Document options for no styling data and large documents

186 views
Skip to first unread message

Neil Hodgson

unread,
Jan 27, 2018, 2:24:06 AM1/27/18
to Scintilla mailing list
There have been requests for Scintilla to drop styling data and to hold documents larger than 2 GigaBytes. Other requests include UTF-16 encoding of document text or using a sparse data structure for styles to save memory.

Some code has been written before for these features where the options are decided at compile-time. This lacks flexibility as an application must choose up-front and can’t adapt to different files - maybe you turned off the styling buffer to fit large XML files but still want styling for the code that processes them.

Changing these options dynamically at any time or even automatically while retaining any derived data would be very flexible but would require some tedious coding and may require substantial temporary memory. Making these choices at document creation time seems a reasonable compromise.

*** SCI_CREATELOADER ***
implemented in 6433_docopt.patch

The SCI_CREATELOADER API can be augmented with a second argument "int documentOption” that specifies a set of bit flags turning on new optional behaviours. The initial implementation would accept SC_DOCUMENTOPTION_DEFAULT (0) and so be the same as existing calls. Downstream libraries and applications can adapt to this change before any options are implemented. If this change is a problem for some projects because they don’t like changing the signature of current APIs then a distinct SCI_CREATELOADERWITHOPTIONS API could be added.

The documentOption argument as well as the bytes argument from SCI_CREATELOADER could also be added to the existing SCI_CREATEDOCUMENT API. Additional APIs such as a SCI_GETDOCUMENTOPTION could be added.
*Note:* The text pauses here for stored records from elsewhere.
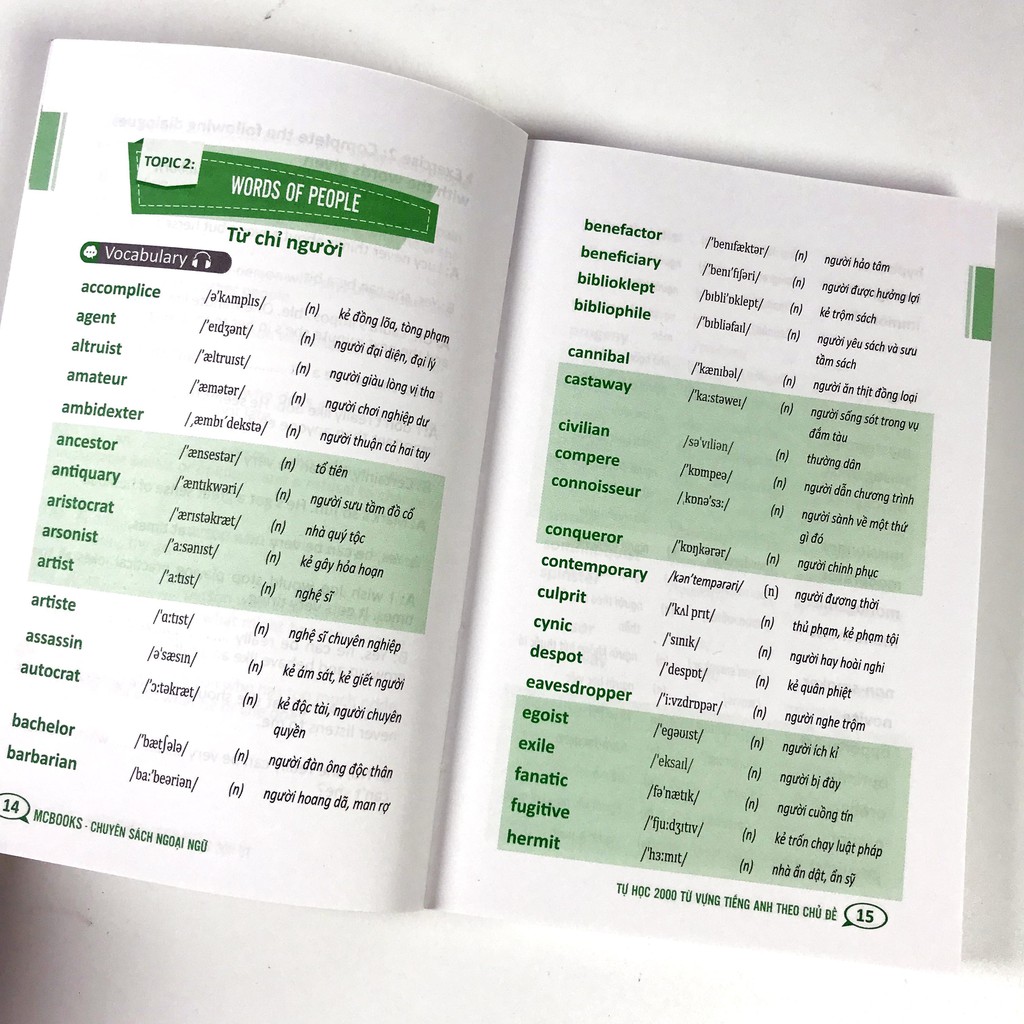 [Mã LIFE2410K giảm 10K đơn 20K] Sách - Tự học 2000 Từ Vựng Tiếng Anh Theo Chủ Đề | BigBuy360 - bigbuy360.vn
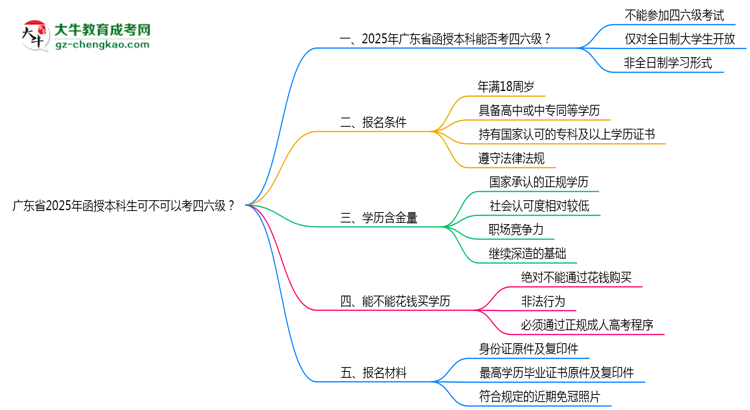 廣東省2025年函授本科生可不可以考四六級？思維導圖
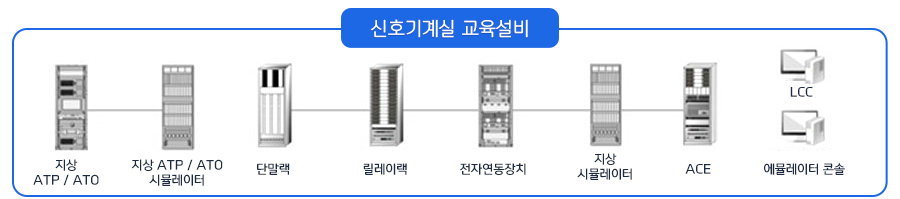지상 ATP/ATO 지상ATP/ATO 시뮬레이터 단말랙 릴레이랙 전자연동장치 지상 시뮬레이터 ACE LCC 에뮬레이터 콘솔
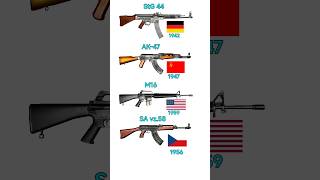 Assault Rifle pick 1 [upl. by Bevash]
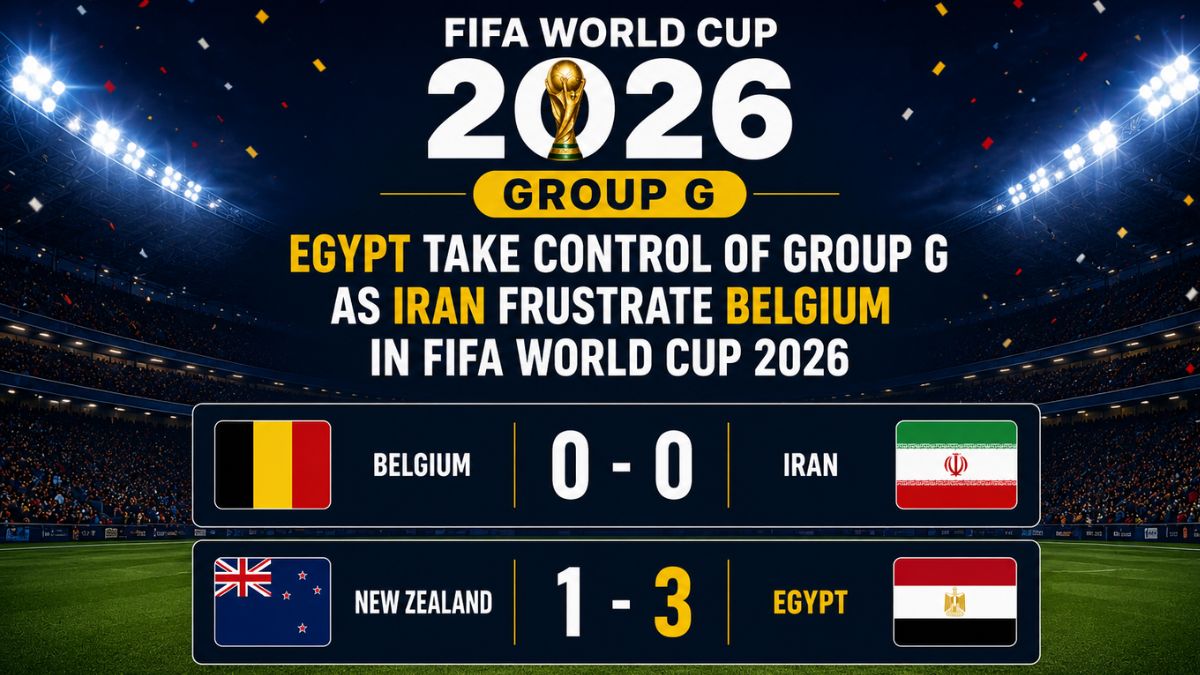 FIFA World Cup 2026 Group G results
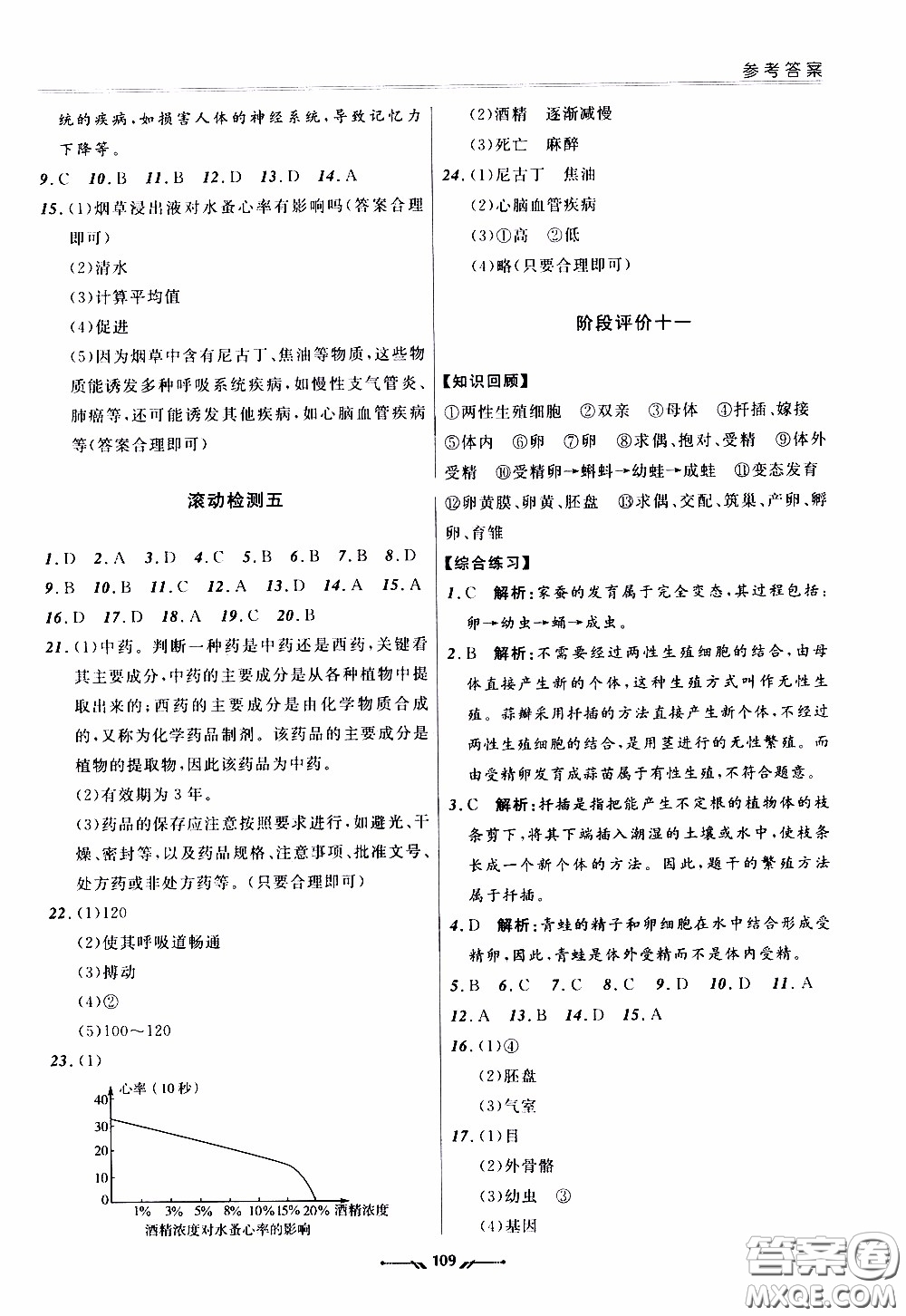 遼寧師范大學(xué)出版社2021新課程評(píng)價(jià)手冊(cè)八年級(jí)生物下冊(cè)人教版答案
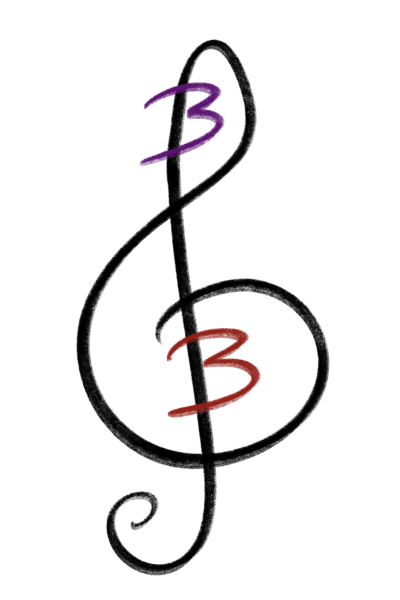 Brain & Body Music Studio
If someone wants to do the work, a SCI_SETDOCUMENTOPTION could also be added although its a bit of a tax on adding further options if it is to preserve current data.
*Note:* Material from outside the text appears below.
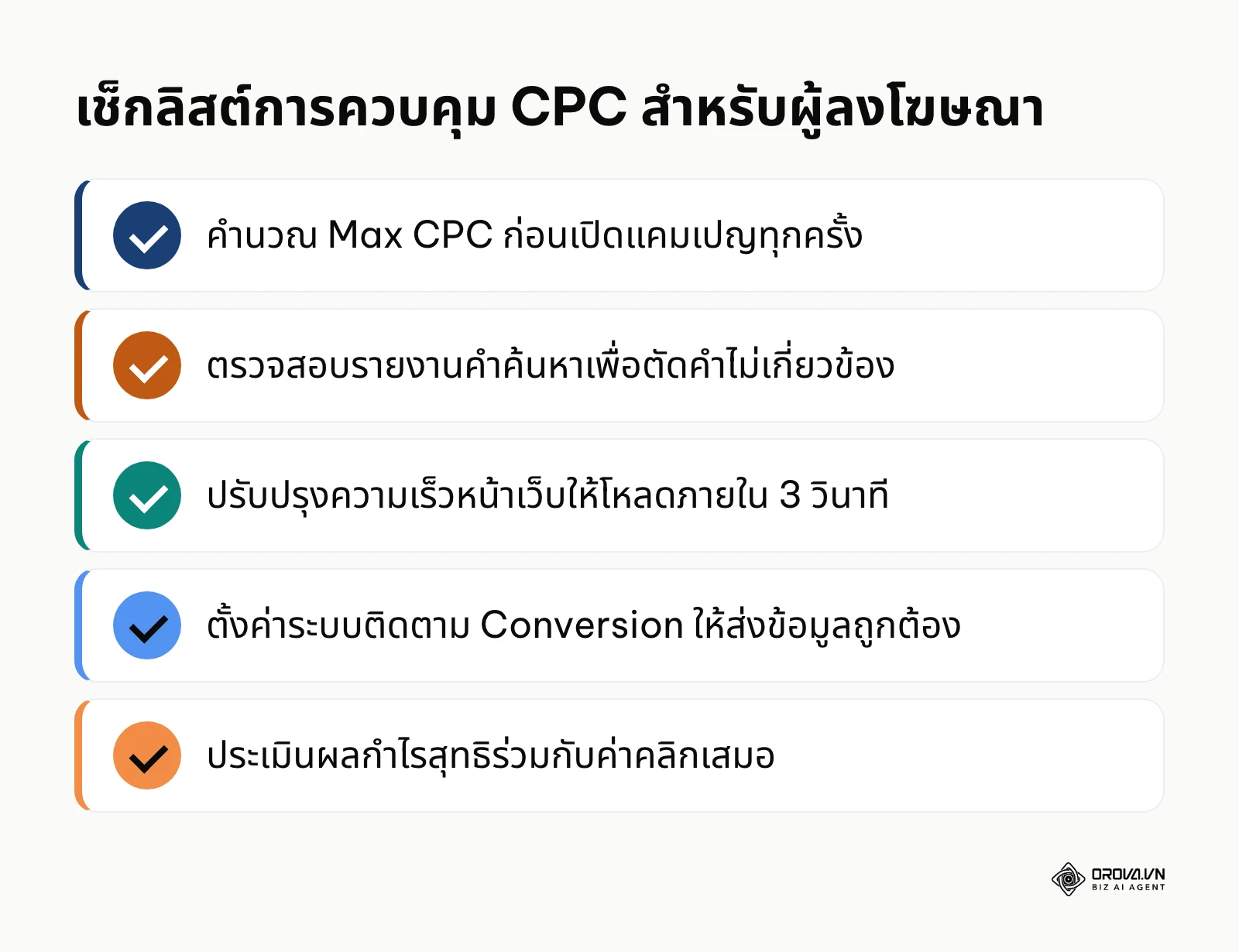 รายการตรวจสอบความพร้อมในการบริหารจัดการต้นทุนโฆษณา CPC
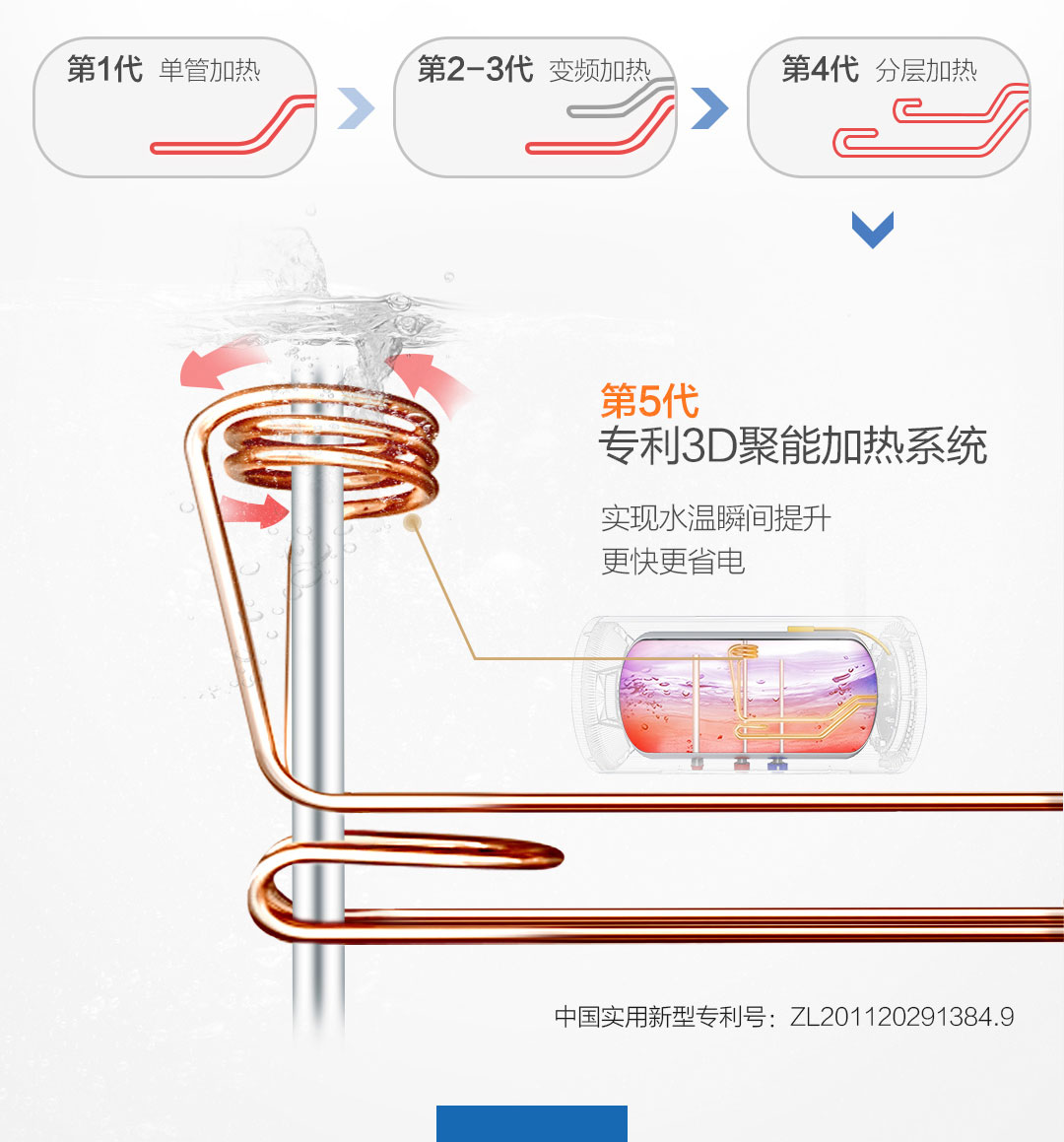 bình nước nóng panasonic Máy lọc nước nóng gia đình 60er / Haier ES60H-A6 (E) (U1) 60L bình tắm nóng lạnh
*** SC_DOCUMENTOPTION_NOSTYLES ***
implemented in 6434_nostyles.patch

This option stops allocating memory to store styling information and every byte in the document has style 0. This may reduce Scintilla’s memory consumption by as much as 40% depending on average line width and how much other features are used. This does not stop running lexers so it will often be coupled with setting the lexer to SCLEX_NULL. It is, however, possible for a lexer to produce visual effects using indicators instead of style bytes. Indicators use memory differently with a 32-bit or 64-bit index and a 32-bit value for each styling run which may be efficient when only parts of a document are intensively styled.
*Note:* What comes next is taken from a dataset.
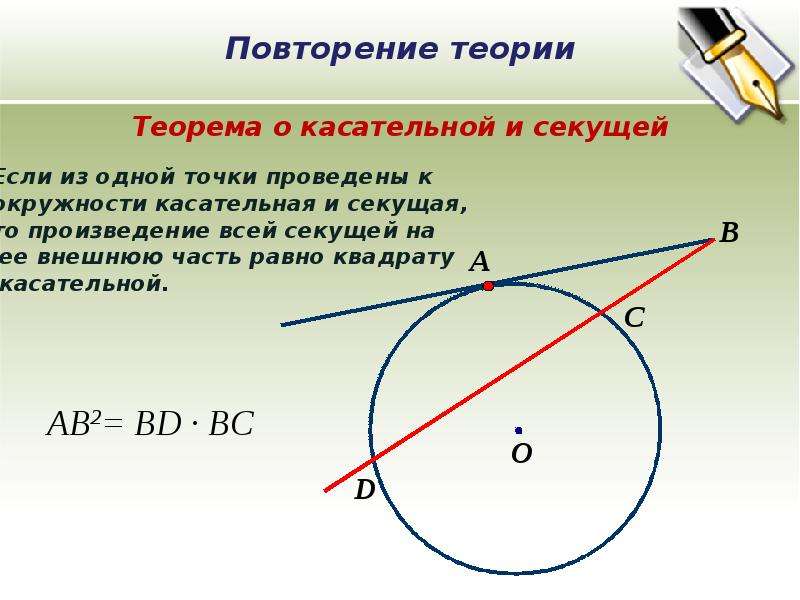 Подготовка к огэ окружность презентация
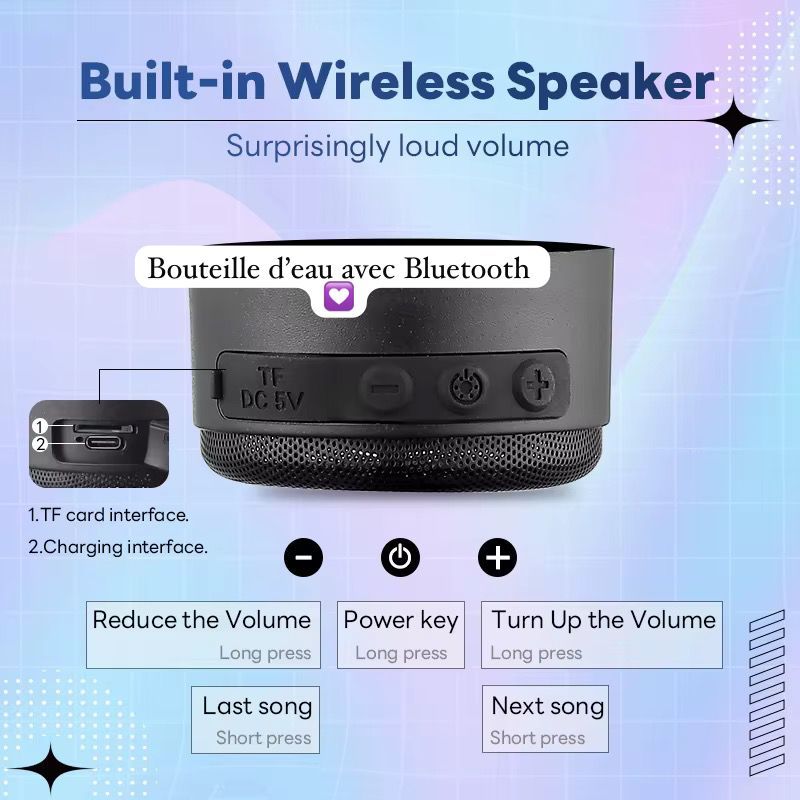 Gourde à eau avec bluetooth_1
This patch appears fairly simple and safe but it does change behaviour.

Alternative approaches could try to optimize storage while producing the same behaviour as the current code and so allow current lexers to still work.

*** Preparation: changing some types, using interfaces, templatizing data structures ***
implemented in 6435_splitvec64.patch, 6436_ilinevector.patch, 6437_templatize.patch

The change to allow 64-bit indices is complex so several patches have been split off.

*** SC_DOCUMENTOPTION_LARGE ***
implemented in 6438_largedoc.patch

This change set implements SC_DOCUMENTOPTION_LARGE by choosing either 32-bit or 64-bit implementations of data structures.

It does not do this consistently - some elements are always 64-bit even when they should match other 32-bit elements. ContractionState is the most important example as it is attached to the view instead of the document. This is one area where there may be more work performed before the code is finished.

While I have played around with documents larger than 2GB and with SC_DOCUMENTOPTION_NOSTYLES on and off, this has only been on Windows and little testing has been performed.

An example of how the flags could be used is to set file size thresholds above which the options are progressively turned on:
sptr_t docOptions = SC_DOCUMENTOPTION_DEFAULT;
if (fileSize > 64*1024)
docOptions |= SC_DOCUMENTOPTION_NOSTYLES;
if (fileSize > INT32_MAX / 2)
docOptions |= SC_DOCUMENTOPTION_LARGE;
pdocLoad = reinterpret_cast<ILoader *>(
wEditor.CallReturnPointer(SCI_CREATELOADER, static_cast<uptr_t>(fileSize) + 1000,
docOptions));

Your application could also take into account file types or memory pressure or other considerations.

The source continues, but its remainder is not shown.